Por supuesto, Polanski había capturado ya en El bebé de Rosemary la alienación propia de las grandes ciudades, y esa paranoia que se deja sentir no sólo en la relación de Rosemary con sus vecinos, sino hasta con su propio cuerpo. En este sentido, a nadie debe sorprender la forma en que La bruja se las arregla ya no para actualizar estas inquietudes, propias del cine de terror, sino para mostrarnos qué poco hemos cambiado en siglos: cómo, a pesar de todos los avances, los hombres no hemos acabado de abandonar el espeso bosque de la superstición, del miedo a la oscuridad y de nuestras más irracionales y atávicas ansiedades.
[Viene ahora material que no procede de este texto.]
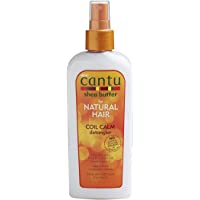 Los mejores  - Cantu Acondicionador 260 g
Dirigida por Robert Eggers según su propio guión, la cinta da cuenta de una familia de puritanos que, excomulgados por su iglesia, deciden abandonar la comunidad para vivir en virtuoso aislamiento en las lindes del bosque, alejados de todo y todos; el año es 1630 y el lugar Massachusetts, poco antes de sus infames cacerías de brujas. Cuando en un descuido de la hija mayor, Thomasin, su pequeño hermano Samuel desaparece sin dejar rastro, la chica habrá de sufrir no sólo la mirada acusadora de su madre, sino además las sospechas de brujería que ella misma se ha empeñado en atizar como una broma para sus hermanos.
Es entonces que la de por sí frágil armonía familiar termina por resquebrajarse, dejando al desnudo las neurosis que merodean en los recovecos del hogar. Dice Stephen King –quien se confiesa aterrorizado por la cinta– que el horror como arte se manifiesta en esa habilidad para articular la relación entre los miedos en nuestras fantasías y los miedos reales; cuando el buen horror no tiene un subtexto político o social evidente, está ayudando a la audicencia a entender sus miedos más profundos gracias a la transgresión vicaria de un tabú. Aquí, será la tensión entre el despertar sexual de la protagonista –y la amenaza del incesto, manifiesta en la curiosidad de su hermano Caleb por el sexo opuesto, y en la rivalidad entre madre e hija– la que habrá de requerir ya no de actos de fe, sino de la expiación de las culpas.
La violencia con que se representa el drama es quizá sutil para los estándares del género, pero le presta a la cinta una profunda sensación de inquietud que encuentra réplica en su excelente factura: el arte, la fotografía –fantástica– y el diseño de audio alimentan ese sentimiento de abandono que, por lo demás, emparenta a la cinta ya no con el horror industrial de los 70, sino con filmes más recientes como The Babadook –otra siniestra invocación de la culpa– oEstá detrás de ti, representativa del minimalismo que caracteriza al cine de terror independiente en estos días, falto de pirotecnias pero pleno de terror genuino, del miedo primordial propio de un cuento de hadas.
Acostumbrado al efectismo de las Actividad paranormal o cualquier found footage, representantes de la producción industrial del género hoy día, el público ha abjurado de la cinta en los EU –y por las razones menos pensadas: allá el Templo Satánico le dio su apoyo público,algo inimaginable en los 70–. Sin embargo, la película es testimonio de la capacidad del género para perturbar, para encararnos con lo más incómodo de la condición humana… así como la promesa de su director, que seguro dará de qué hablar.
Esta es, de nuevo, una cuestión de fe.